Reproduce the entries so that every line matches the original exactly.
___ Data excerpts ___
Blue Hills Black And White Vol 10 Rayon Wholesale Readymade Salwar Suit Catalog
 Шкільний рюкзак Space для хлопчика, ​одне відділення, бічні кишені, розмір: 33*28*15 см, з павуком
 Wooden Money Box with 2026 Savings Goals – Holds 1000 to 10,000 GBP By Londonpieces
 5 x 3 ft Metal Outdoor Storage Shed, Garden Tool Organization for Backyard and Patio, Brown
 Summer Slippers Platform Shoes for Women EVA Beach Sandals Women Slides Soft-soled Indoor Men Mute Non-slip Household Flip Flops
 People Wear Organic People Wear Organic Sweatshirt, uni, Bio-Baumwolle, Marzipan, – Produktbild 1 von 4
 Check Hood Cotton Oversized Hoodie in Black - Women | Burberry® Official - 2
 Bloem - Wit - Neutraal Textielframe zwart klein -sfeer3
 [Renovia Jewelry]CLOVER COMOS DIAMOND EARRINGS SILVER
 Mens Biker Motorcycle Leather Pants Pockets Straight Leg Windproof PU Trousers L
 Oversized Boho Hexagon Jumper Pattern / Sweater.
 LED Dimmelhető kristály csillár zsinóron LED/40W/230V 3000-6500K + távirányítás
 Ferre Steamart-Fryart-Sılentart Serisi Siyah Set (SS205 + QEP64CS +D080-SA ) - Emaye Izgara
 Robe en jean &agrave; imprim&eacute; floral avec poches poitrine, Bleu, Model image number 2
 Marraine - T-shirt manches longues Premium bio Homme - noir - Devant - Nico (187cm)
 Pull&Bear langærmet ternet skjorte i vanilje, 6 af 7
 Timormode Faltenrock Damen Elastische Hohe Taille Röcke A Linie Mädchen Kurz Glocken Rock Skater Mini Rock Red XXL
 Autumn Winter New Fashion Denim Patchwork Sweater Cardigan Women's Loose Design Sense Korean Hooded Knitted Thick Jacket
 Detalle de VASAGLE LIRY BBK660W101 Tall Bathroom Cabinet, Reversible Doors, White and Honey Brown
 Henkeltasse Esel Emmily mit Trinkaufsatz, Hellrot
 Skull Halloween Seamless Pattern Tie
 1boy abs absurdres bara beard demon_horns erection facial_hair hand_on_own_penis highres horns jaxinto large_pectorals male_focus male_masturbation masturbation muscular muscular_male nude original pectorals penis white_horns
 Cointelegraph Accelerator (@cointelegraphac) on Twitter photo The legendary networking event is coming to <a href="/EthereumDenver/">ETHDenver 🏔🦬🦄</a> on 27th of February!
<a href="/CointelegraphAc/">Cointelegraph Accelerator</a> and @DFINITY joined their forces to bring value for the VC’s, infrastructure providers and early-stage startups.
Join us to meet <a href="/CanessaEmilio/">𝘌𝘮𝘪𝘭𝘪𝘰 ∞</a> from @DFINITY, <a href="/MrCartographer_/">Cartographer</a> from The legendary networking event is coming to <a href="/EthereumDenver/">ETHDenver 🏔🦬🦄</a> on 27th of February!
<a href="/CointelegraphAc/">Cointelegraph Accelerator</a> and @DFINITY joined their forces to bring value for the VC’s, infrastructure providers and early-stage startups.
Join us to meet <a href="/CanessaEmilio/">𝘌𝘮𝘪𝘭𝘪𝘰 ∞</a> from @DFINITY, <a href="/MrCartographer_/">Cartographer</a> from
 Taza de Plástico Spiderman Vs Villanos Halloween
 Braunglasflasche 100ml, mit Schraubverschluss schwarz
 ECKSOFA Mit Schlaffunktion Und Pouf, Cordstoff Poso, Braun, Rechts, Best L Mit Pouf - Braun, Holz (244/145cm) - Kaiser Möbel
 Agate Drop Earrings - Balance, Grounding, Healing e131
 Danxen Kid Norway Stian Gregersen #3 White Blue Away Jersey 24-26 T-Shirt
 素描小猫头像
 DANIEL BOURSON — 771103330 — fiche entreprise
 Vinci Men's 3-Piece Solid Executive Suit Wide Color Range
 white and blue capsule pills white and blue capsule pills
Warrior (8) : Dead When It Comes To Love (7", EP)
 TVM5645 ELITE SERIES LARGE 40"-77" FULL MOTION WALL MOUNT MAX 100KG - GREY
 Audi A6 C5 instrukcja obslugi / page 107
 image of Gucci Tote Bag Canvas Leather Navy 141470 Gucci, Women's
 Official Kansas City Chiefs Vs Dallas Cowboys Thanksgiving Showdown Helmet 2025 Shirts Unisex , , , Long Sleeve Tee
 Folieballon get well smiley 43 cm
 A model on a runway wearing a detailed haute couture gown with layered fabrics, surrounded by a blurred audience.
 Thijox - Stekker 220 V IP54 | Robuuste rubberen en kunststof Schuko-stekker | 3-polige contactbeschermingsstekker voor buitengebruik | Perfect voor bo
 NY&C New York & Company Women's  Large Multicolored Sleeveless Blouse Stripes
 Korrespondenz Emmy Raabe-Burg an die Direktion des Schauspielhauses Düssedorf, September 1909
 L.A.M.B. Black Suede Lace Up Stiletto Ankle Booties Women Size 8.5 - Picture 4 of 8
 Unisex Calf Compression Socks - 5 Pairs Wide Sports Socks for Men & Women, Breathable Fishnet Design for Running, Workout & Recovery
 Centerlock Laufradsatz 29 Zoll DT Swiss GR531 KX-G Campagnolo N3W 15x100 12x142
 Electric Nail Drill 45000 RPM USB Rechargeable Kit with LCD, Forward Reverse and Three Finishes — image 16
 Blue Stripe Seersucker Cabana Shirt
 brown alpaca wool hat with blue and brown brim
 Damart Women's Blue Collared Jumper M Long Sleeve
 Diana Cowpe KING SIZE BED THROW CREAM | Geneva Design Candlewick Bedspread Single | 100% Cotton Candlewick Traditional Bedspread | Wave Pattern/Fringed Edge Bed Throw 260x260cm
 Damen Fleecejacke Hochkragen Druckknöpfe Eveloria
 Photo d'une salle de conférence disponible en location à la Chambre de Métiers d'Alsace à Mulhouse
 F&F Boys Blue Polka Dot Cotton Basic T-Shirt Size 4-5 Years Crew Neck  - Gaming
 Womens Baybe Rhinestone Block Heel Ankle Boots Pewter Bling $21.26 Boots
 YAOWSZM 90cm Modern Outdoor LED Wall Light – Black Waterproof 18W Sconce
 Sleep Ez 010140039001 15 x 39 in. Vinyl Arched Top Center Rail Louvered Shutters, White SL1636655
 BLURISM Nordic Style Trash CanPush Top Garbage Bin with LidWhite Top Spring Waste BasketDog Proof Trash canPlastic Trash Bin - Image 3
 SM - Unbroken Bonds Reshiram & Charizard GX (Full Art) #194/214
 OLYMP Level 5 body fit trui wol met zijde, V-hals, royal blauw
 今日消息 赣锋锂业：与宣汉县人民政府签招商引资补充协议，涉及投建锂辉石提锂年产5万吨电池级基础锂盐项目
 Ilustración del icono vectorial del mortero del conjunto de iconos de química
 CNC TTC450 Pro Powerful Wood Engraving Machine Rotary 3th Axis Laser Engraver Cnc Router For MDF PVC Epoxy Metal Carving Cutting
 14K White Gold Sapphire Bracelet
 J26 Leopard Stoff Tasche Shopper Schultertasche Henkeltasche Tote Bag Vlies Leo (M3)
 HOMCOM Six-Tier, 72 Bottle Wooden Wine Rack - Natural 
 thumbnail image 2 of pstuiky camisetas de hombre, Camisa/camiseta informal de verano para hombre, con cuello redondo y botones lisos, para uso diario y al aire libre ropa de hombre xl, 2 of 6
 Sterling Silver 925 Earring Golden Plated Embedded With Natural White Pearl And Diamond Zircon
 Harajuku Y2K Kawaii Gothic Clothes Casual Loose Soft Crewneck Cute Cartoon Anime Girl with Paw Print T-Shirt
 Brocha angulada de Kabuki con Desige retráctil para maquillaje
___
• _Result for this task_
Blue Hills Black And White Vol 10 Rayon Wholesale Readymade Salwar Suit Catalog
 Шкільний рюкзак Space для хлопчика, ​одне відділення, бічні кишені, розмір: 33*28*15 см, з павуком
 Wooden Money Box with 2026 Savings Goals – Holds 1000 to 10,000 GBP By Londonpieces
 5 x 3 ft Metal Outdoor Storage Shed, Garden Tool Organization for Backyard and Patio, Brown
 Summer Slippers Platform Shoes for Women EVA Beach Sandals Women Slides Soft-soled Indoor Men Mute Non-slip Household Flip Flops
 People Wear Organic People Wear Organic Sweatshirt, uni, Bio-Baumwolle, Marzipan, – Produktbild 1 von 4
 Check Hood Cotton Oversized Hoodie in Black - Women | Burberry® Official - 2
 Bloem - Wit - Neutraal Textielframe zwart klein -sfeer3
 [Renovia Jewelry]CLOVER COMOS DIAMOND EARRINGS SILVER
 Mens Biker Motorcycle Leather Pants Pockets Straight Leg Windproof PU Trousers L
 Oversized Boho Hexagon Jumper Pattern / Sweater.
 LED Dimmelhető kristály csillár zsinóron LED/40W/230V 3000-6500K + távirányítás
 Ferre Steamart-Fryart-Sılentart Serisi Siyah Set (SS205 + QEP64CS +D080-SA ) - Emaye Izgara
 Robe en jean &agrave; imprim&eacute; floral avec poches poitrine, Bleu, Model image number 2
 Marraine - T-shirt manches longues Premium bio Homme - noir - Devant - Nico (187cm)
 Pull&Bear langærmet ternet skjorte i vanilje, 6 af 7
 Timormode Faltenrock Damen Elastische Hohe Taille Röcke A Linie Mädchen Kurz Glocken Rock Skater Mini Rock Red XXL
 Autumn Winter New Fashion Denim Patchwork Sweater Cardigan Women's Loose Design Sense Korean Hooded Knitted Thick Jacket
 Detalle de VASAGLE LIRY BBK660W101 Tall Bathroom Cabinet, Reversible Doors, White and Honey Brown
 Henkeltasse Esel Emmily mit Trinkaufsatz, Hellrot
 Skull Halloween Seamless Pattern Tie
 1boy abs absurdres bara beard demon_horns erection facial_hair hand_on_own_penis highres horns jaxinto large_pectorals male_focus male_masturbation masturbation muscular muscular_male nude original pectorals penis white_horns
 Cointelegraph Accelerator (@cointelegraphac) on Twitter photo The legendary networking event is coming to <a href="/EthereumDenver/">ETHDenver 🏔🦬🦄</a> on 27th of February!
<a href="/CointelegraphAc/">Cointelegraph Accelerator</a> and @DFINITY joined their forces to bring value for the VC’s, infrastructure providers and early-stage startups.
Join us to meet <a href="/CanessaEmilio/">𝘌𝘮𝘪𝘭𝘪𝘰 ∞</a> from @DFINITY, <a href="/MrCartographer_/">Cartographer</a> from The legendary networking event is coming to <a href="/EthereumDenver/">ETHDenver 🏔🦬🦄</a> on 27th of February!
<a href="/CointelegraphAc/">Cointelegraph Accelerator</a> and @DFINITY joined their forces to bring value for the VC’s, infrastructure providers and early-stage startups.
Join us to meet <a href="/CanessaEmilio/">𝘌𝘮𝘪𝘭𝘪𝘰 ∞</a> from @DFINITY, <a href="/MrCartographer_/">Cartographer</a> from
 Taza de Plástico Spiderman Vs Villanos Halloween
 Braunglasflasche 100ml, mit Schraubverschluss schwarz
 ECKSOFA Mit Schlaffunktion Und Pouf, Cordstoff Poso, Braun, Rechts, Best L Mit Pouf - Braun, Holz (244/145cm) - Kaiser Möbel
 Agate Drop Earrings - Balance, Grounding, Healing e131
 Danxen Kid Norway Stian Gregersen #3 White Blue Away Jersey 24-26 T-Shirt
 素描小猫头像
 DANIEL BOURSON — 771103330 — fiche entreprise
 Vinci Men's 3-Piece Solid Executive Suit Wide Color Range
 white and blue capsule pills white and blue capsule pills
Warrior (8) : Dead When It Comes To Love (7", EP)
 TVM5645 ELITE SERIES LARGE 40"-77" FULL MOTION WALL MOUNT MAX 100KG - GREY
 Audi A6 C5 instrukcja obslugi / page 107
 image of Gucci Tote Bag Canvas Leather Navy 141470 Gucci, Women's
 Official Kansas City Chiefs Vs Dallas Cowboys Thanksgiving Showdown Helmet 2025 Shirts Unisex , , , Long Sleeve Tee
 Folieballon get well smiley 43 cm
 A model on a runway wearing a detailed haute couture gown with layered fabrics, surrounded by a blurred audience.
 Thijox - Stekker 220 V IP54 | Robuuste rubberen en kunststof Schuko-stekker | 3-polige contactbeschermingsstekker voor buitengebruik | Perfect voor bo
 NY&C New York & Company Women's  Large Multicolored Sleeveless Blouse Stripes
 Korrespondenz Emmy Raabe-Burg an die Direktion des Schauspielhauses Düssedorf, September 1909
 L.A.M.B. Black Suede Lace Up Stiletto Ankle Booties Women Size 8.5 - Picture 4 of 8
 Unisex Calf Compression Socks - 5 Pairs Wide Sports Socks for Men & Women, Breathable Fishnet Design for Running, Workout & Recovery
 Centerlock Laufradsatz 29 Zoll DT Swiss GR531 KX-G Campagnolo N3W 15x100 12x142
 Electric Nail Drill 45000 RPM USB Rechargeable Kit with LCD, Forward Reverse and Three Finishes — image 16
 Blue Stripe Seersucker Cabana Shirt
 brown alpaca wool hat with blue and brown brim
 Damart Women's Blue Collared Jumper M Long Sleeve
 Diana Cowpe KING SIZE BED THROW CREAM | Geneva Design Candlewick Bedspread Single | 100% Cotton Candlewick Traditional Bedspread | Wave Pattern/Fringed Edge Bed Throw 260x260cm
 Damen Fleecejacke Hochkragen Druckknöpfe Eveloria
 Photo d'une salle de conférence disponible en location à la Chambre de Métiers d'Alsace à Mulhouse
 F&F Boys Blue Polka Dot Cotton Basic T-Shirt Size 4-5 Years Crew Neck  - Gaming
 Womens Baybe Rhinestone Block Heel Ankle Boots Pewter Bling $21.26 Boots
 YAOWSZM 90cm Modern Outdoor LED Wall Light – Black Waterproof 18W Sconce
 Sleep Ez 010140039001 15 x 39 in. Vinyl Arched Top Center Rail Louvered Shutters, White SL1636655
 BLURISM Nordic Style Trash CanPush Top Garbage Bin with LidWhite Top Spring Waste BasketDog Proof Trash canPlastic Trash Bin - Image 3
 SM - Unbroken Bonds Reshiram & Charizard GX (Full Art) #194/214
 OLYMP Level 5 body fit trui wol met zijde, V-hals, royal blauw
 今日消息 赣锋锂业：与宣汉县人民政府签招商引资补充协议，涉及投建锂辉石提锂年产5万吨电池级基础锂盐项目
 Ilustración del icono vectorial del mortero del conjunto de iconos de química
 CNC TTC450 Pro Powerful Wood Engraving Machine Rotary 3th Axis Laser Engraver Cnc Router For MDF PVC Epoxy Metal Carving Cutting
 14K White Gold Sapphire Bracelet
 J26 Leopard Stoff Tasche Shopper Schultertasche Henkeltasche Tote Bag Vlies Leo (M3)
 HOMCOM Six-Tier, 72 Bottle Wooden Wine Rack - Natural 
 thumbnail image 2 of pstuiky camisetas de hombre, Camisa/camiseta informal de verano para hombre, con cuello redondo y botones lisos, para uso diario y al aire libre ropa de hombre xl, 2 of 6
 Sterling Silver 925 Earring Golden Plated Embedded With Natural White Pearl And Diamond Zircon
 Harajuku Y2K Kawaii Gothic Clothes Casual Loose Soft Crewneck Cute Cartoon Anime Girl with Paw Print T-Shirt
 Brocha angulada de Kabuki con Desige retráctil para maquillaje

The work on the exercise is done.